The GA asked ACSWP to survey key Christian principles to guide 21st-century Presbyterians and others in addressing major social-justice concerns, such as lack of health care coverage, outsourcing of jobs to countries without human rights or environmental safeguards, and growing economic inequities.
The committee is also proposing ways to commemorate the original social creed and preparing to recommend to the 2008 Assembly a social creed for the current century.
Serious mental illness
The committee received an update from its Task Force on Comprehensive Serious Mental Illness, which is developing a policy for church ministry to people with serious mental illnesses, such as schizophrenia and bipolar disorder.
The 12-member task force held its first meeting last spring. Its report is to be presented to the 2008 Assembly.
The 211th General Assembly (1999) directed ACSWP to develop a serious-mental-illness policy.
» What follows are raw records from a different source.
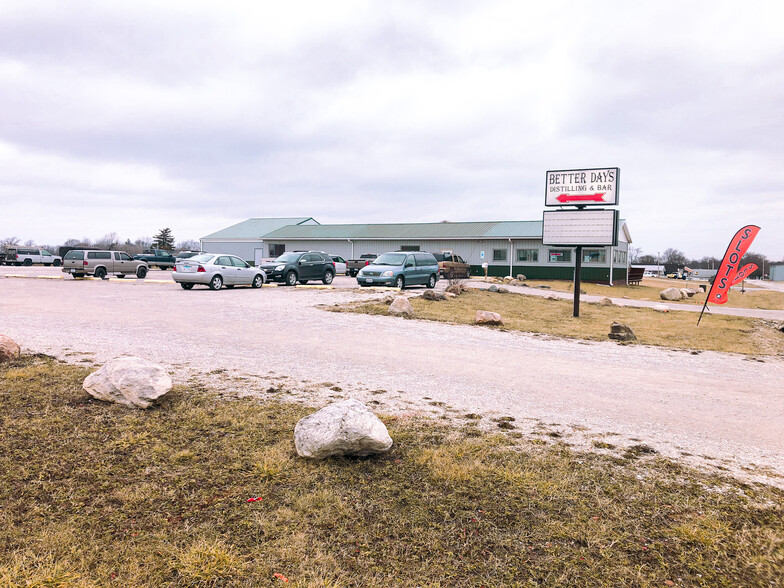 8 Hodge St, Tilton, IL 61832 Turnkey Grill & Bar w/Gaming For Sale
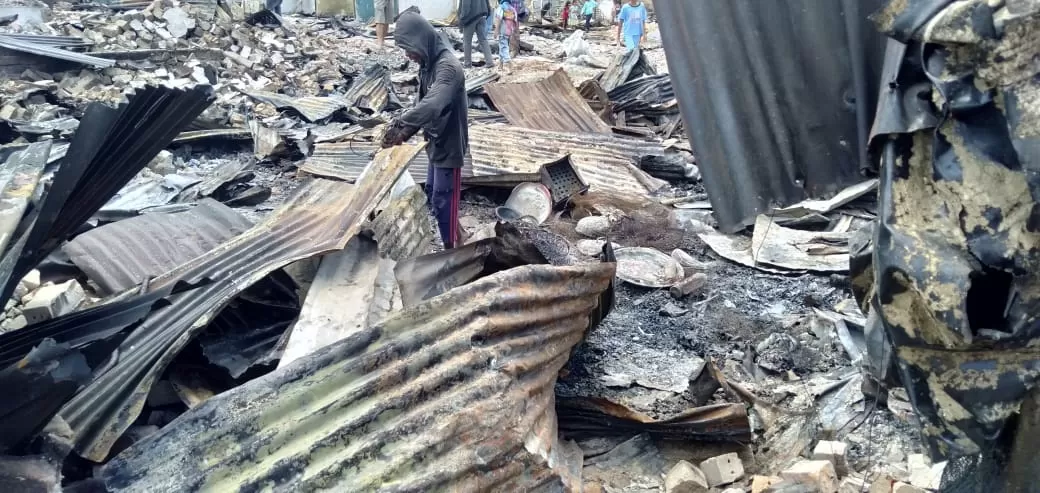 NGAIS REZEKI: Warga mencari puing-puing besi yang bisa dijual kembali pasca kebakaran di Pasar Batu, Kelurahan Sebengkok.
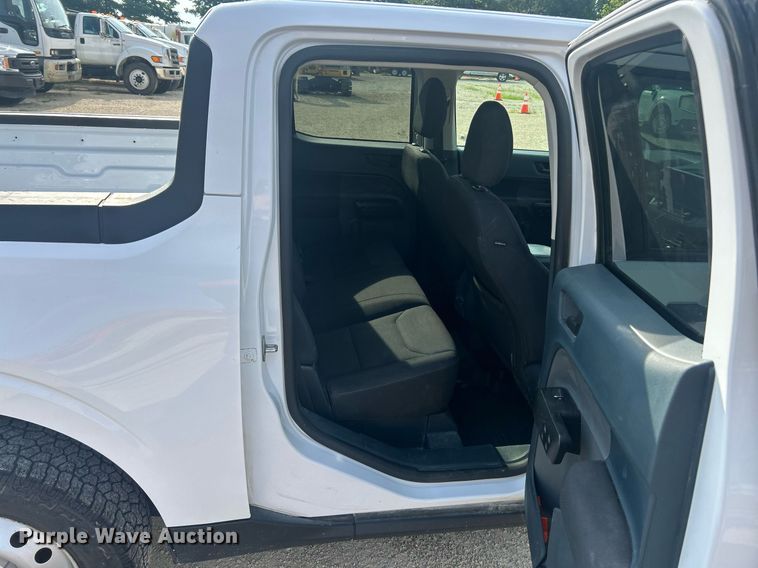 image for item EK8417 2022 Ford Maverick XL Crew Cab pickup truck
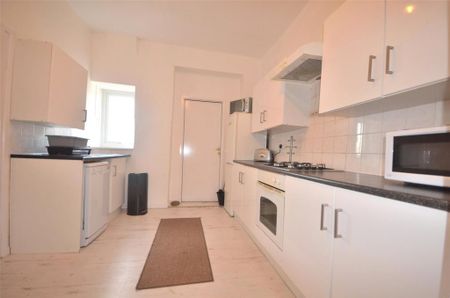 3 bedroom apartment to rent - Photo 5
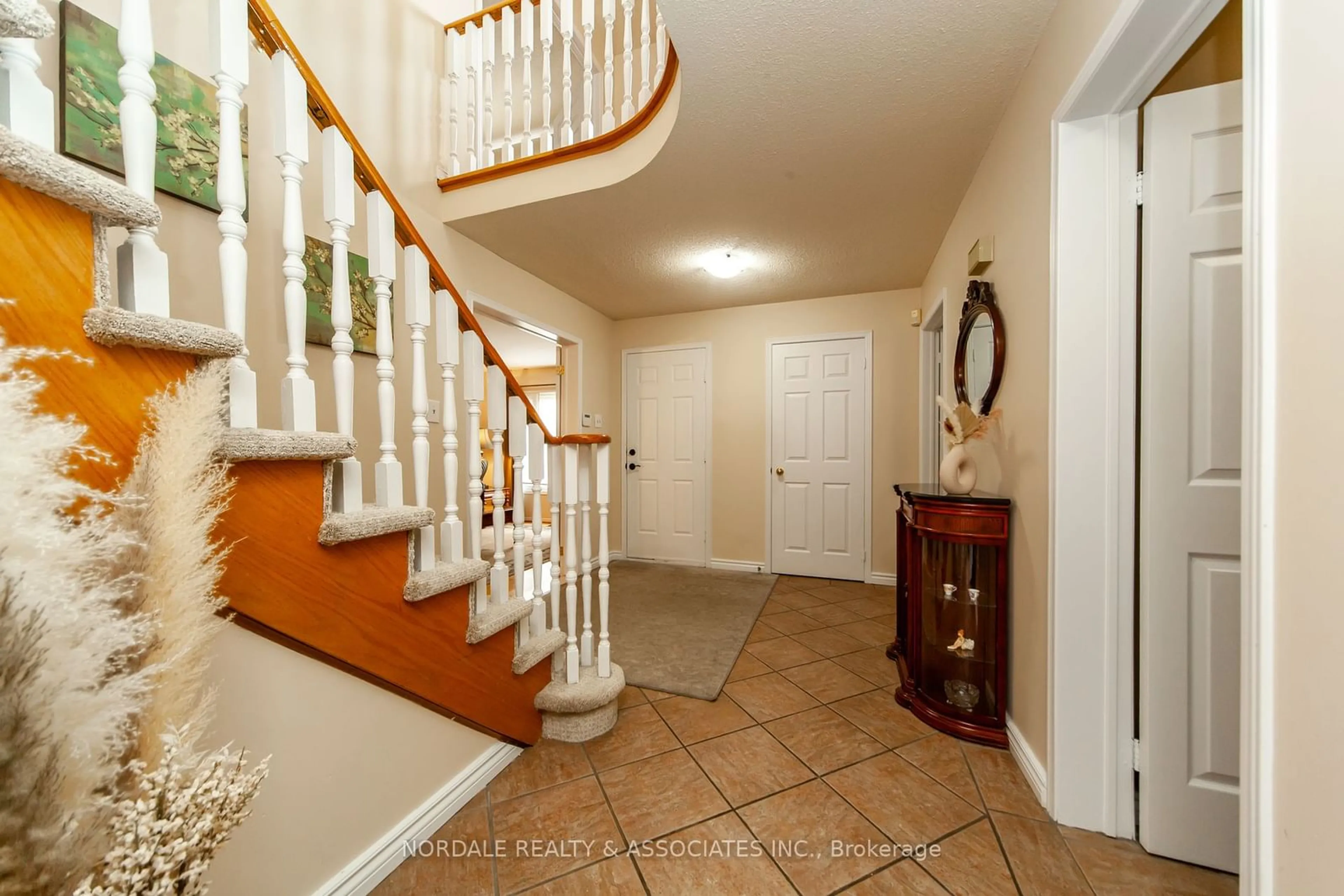 Indoor entryway, wood floors for 4485 Weymouth Commons Cres, Mississauga Ontario L5R 1P5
In November 2003, an ACSWP-approved prospectus guiding the work of the task force was sent to every PC(USA) presbytery and synod, and to the libraries of PC(USA)-related seminaries.
The prospectus says people with serious mental illnesses are often oppressed in American society — denied jobs, housing and access to quality treatment, while bearing the burden of a “stigmatized illness.” As church members they often are denied access to decision-making bodies and unable to find pastors and caregivers qualified to minister to them.
One subject the new policy is to address is full participation by mentally ill people in the life of the church and in society.
The value of human life
The committee discussed a referral from the 212th General Assembly (2000) calling for an update of a paper on “The Nature and Value of Human Life” adopted by the General Assembly of the Presbyterian Church in the United States in 1981. It says human life is a value of the first order and human beings are God’s representatives in the care of creation.